### ABOUT THIS TASK
Keep each entry exactly as written when you repeat it, and skip the images.

________________

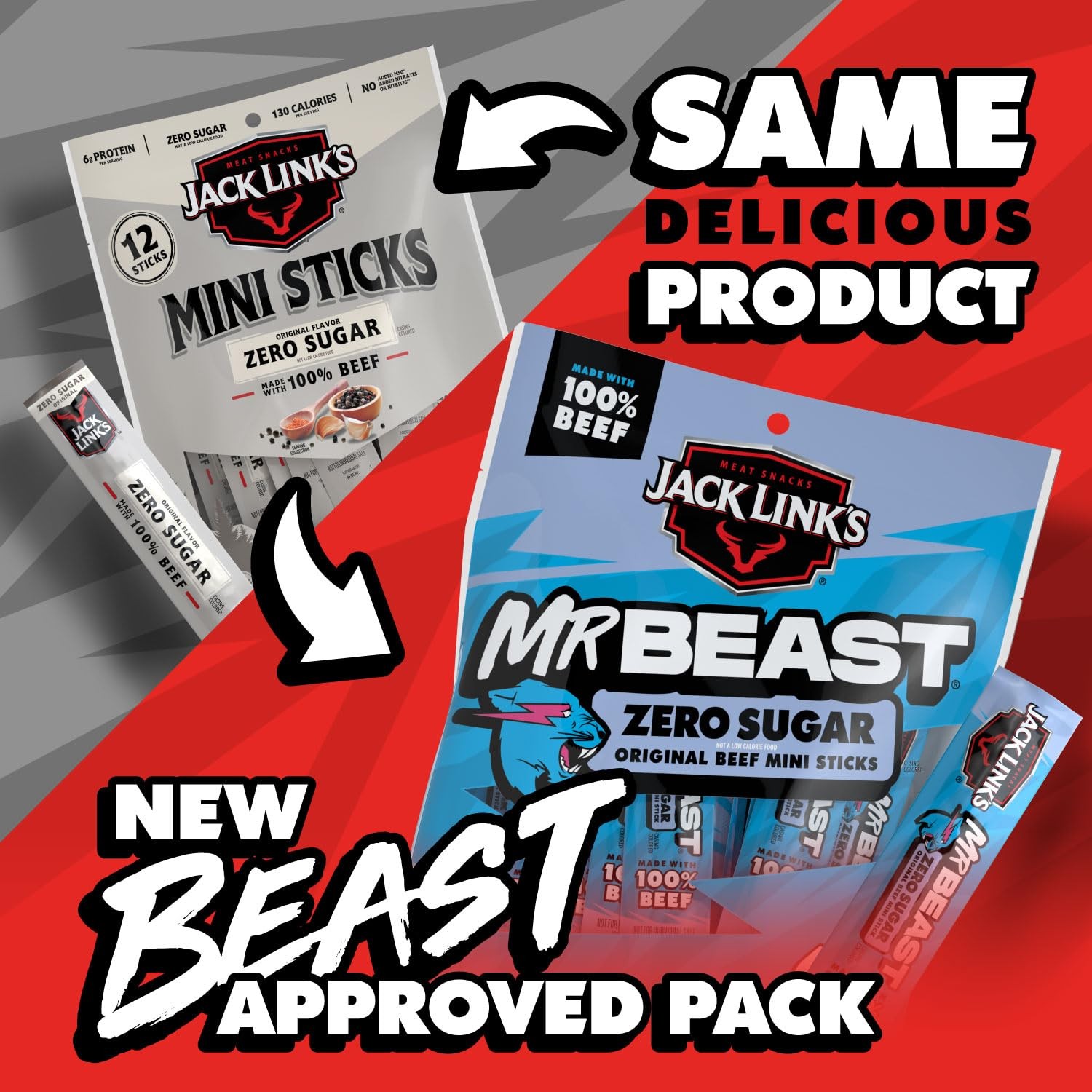 Jack Link’s x MrBeast Beef Sticks, Zero Sugar Mini Beef Sticks, As Seen on Be...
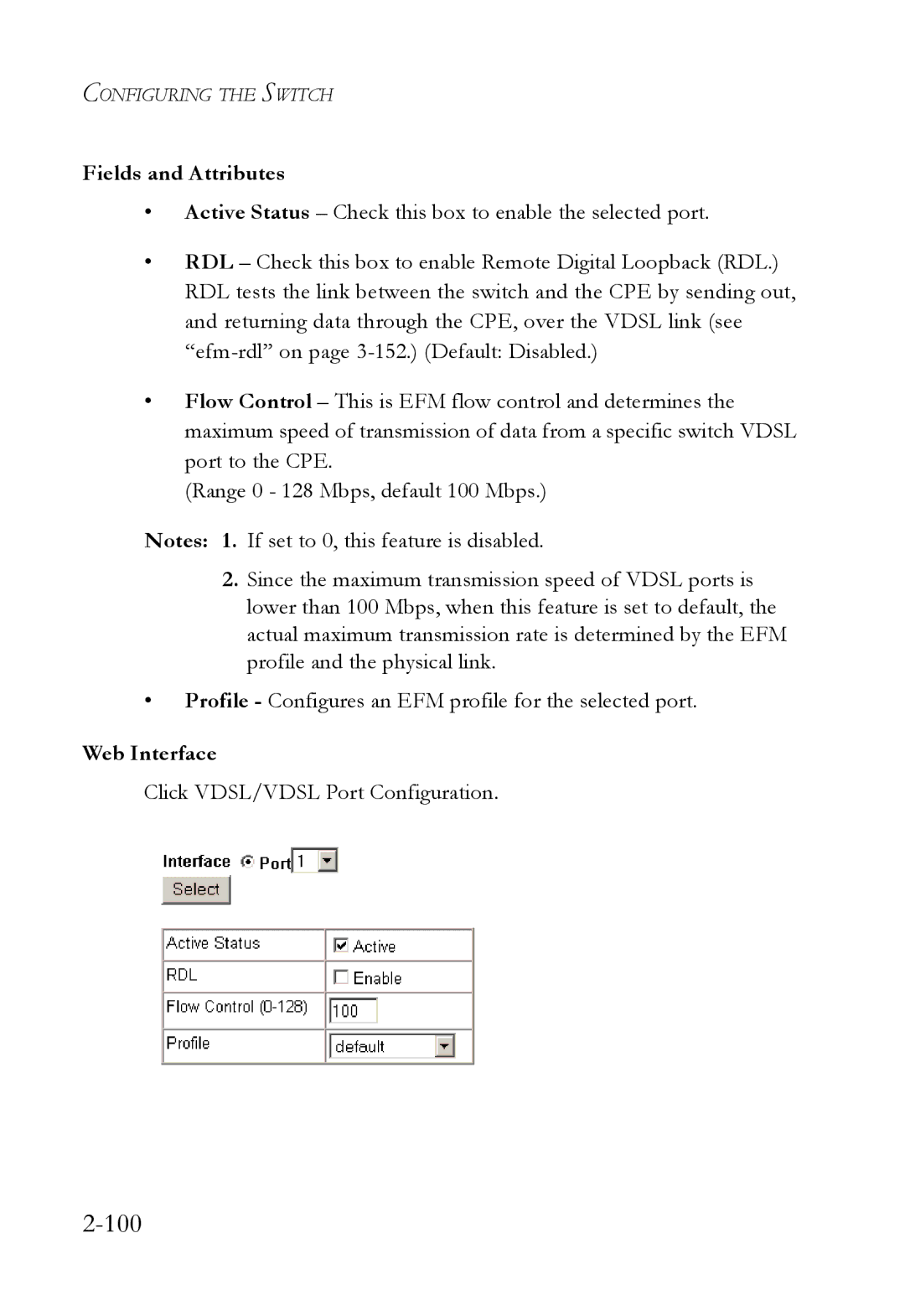 SMC Networks SMC7724M/VSW manual 100, Click VDSL/VDSL Port Configuration 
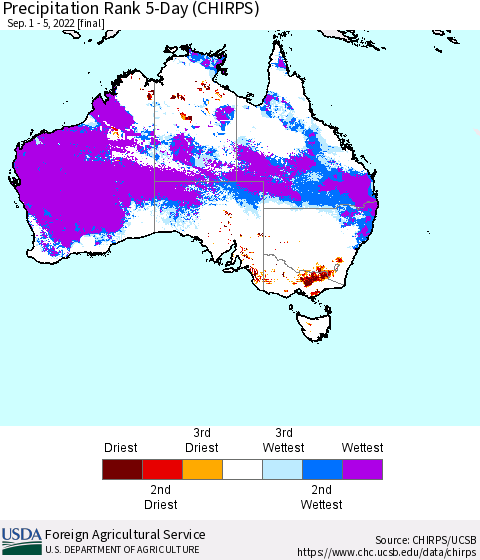 Australia Precipitation Rank since 1981, 5-Day (CHIRPS) Thematic Map For 9/1/2022 - 9/5/2022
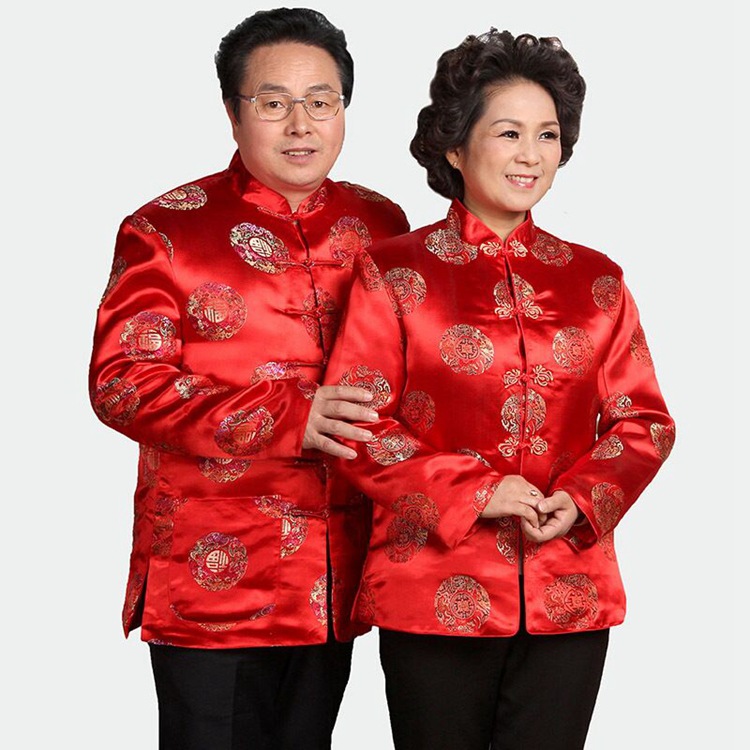 冬季唐装男中老年棉袄爸爸生日过寿外套老人爷爷奶奶棉衣服情侣装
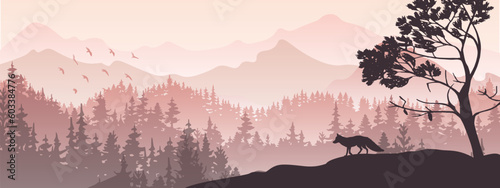 Horizontal banner. Silhouette of fox standing on hill. Mountains and forest in the background. Magical misty landscape, trees, animal. Violet illustration, banner.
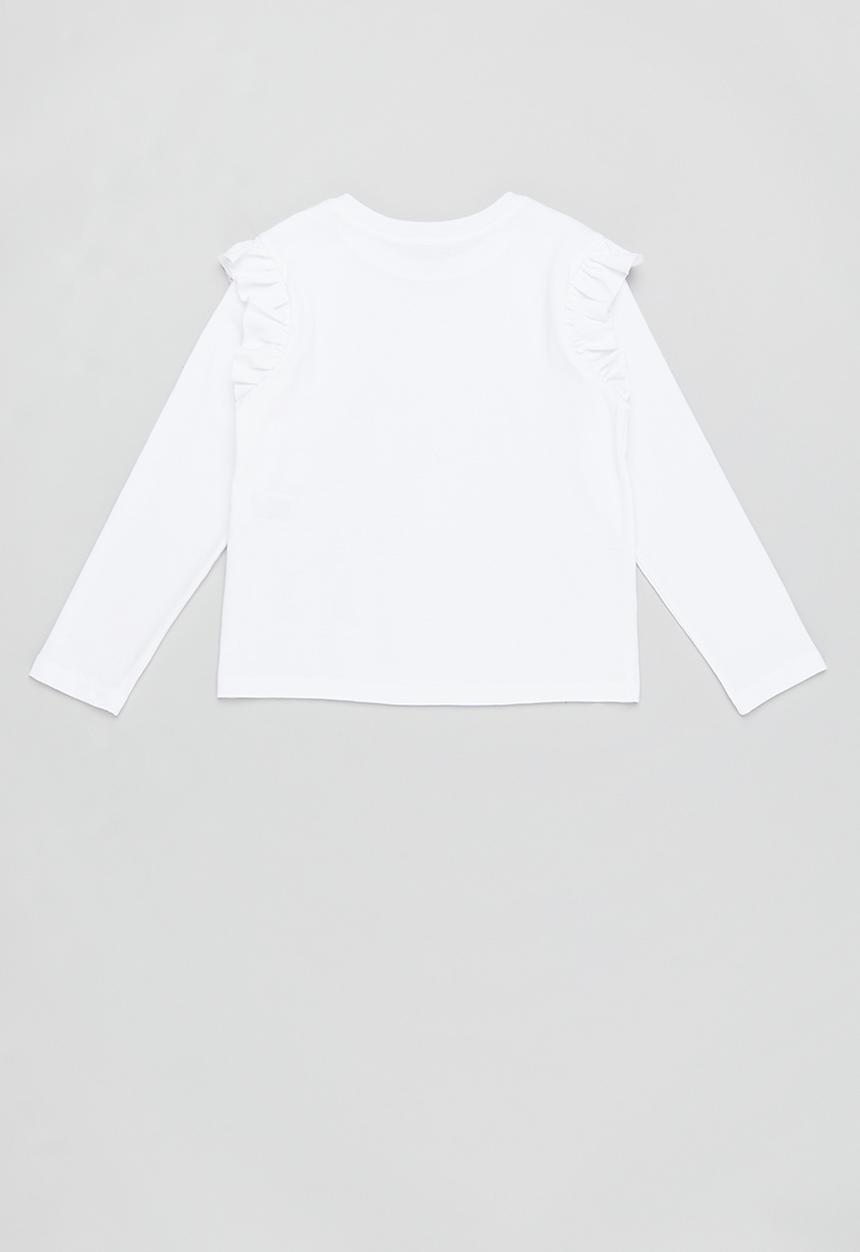 Pop Candy - Girls graphic long sleeve tees - white/stone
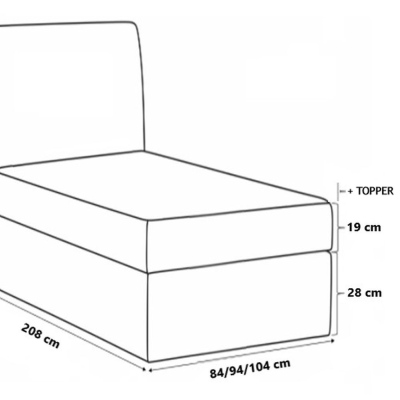 Boxspringová posteľ CELESTA MINI - 100x200, šedá + topper ZDARMA
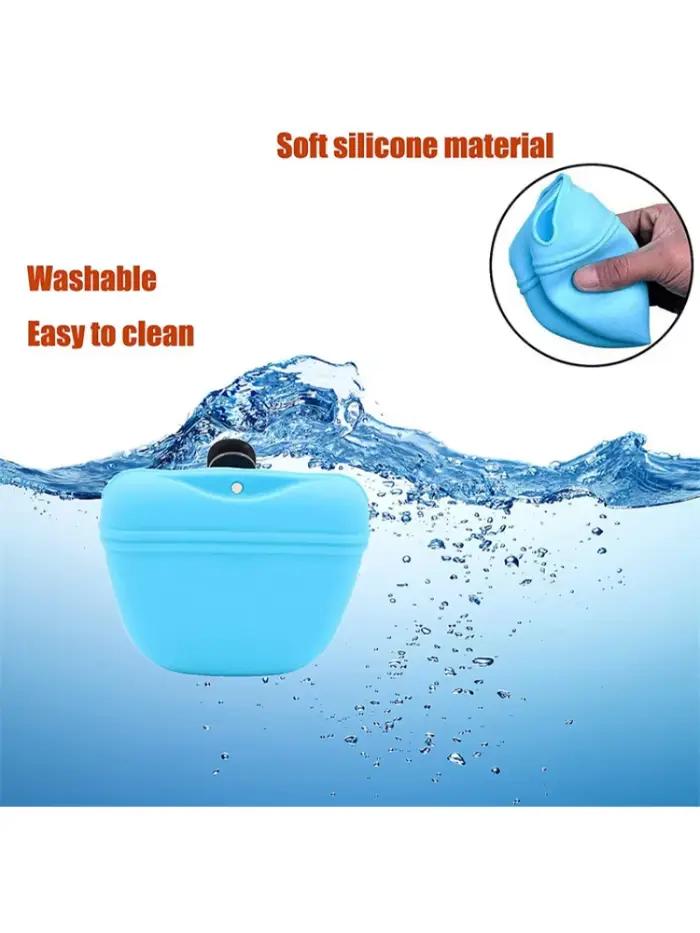Sac de friandises en Silicone pour chien, sac de taille Portable pour chien, mangeoire d'extérieur,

________________

### WRITTEN ANSWER
 Jack Link’s x MrBeast Beef Sticks, Zero Sugar Mini Beef Sticks, As Seen on Be...
 SMC Networks SMC7724M/VSW manual 100, Click VDSL/VDSL Port Configuration 
 Australia Precipitation Rank since 1981, 5-Day (CHIRPS) Thematic Map For 9/1/2022 - 9/5/2022
 冬季唐装男中老年棉袄爸爸生日过寿外套老人爷爷奶奶棉衣服情侣装
 Horizontal banner. Silhouette of fox standing on hill. Mountains and forest in the background. Magical misty landscape, trees, animal. Violet illustration, banner.
 Pop Candy - Girls graphic long sleeve tees - white/stone
 Boxspringová posteľ CELESTA MINI - 100x200, šedá + topper ZDARMA
Sac de friandises en Silicone pour chien, sac de taille Portable pour chien, mangeoire d'extérieur,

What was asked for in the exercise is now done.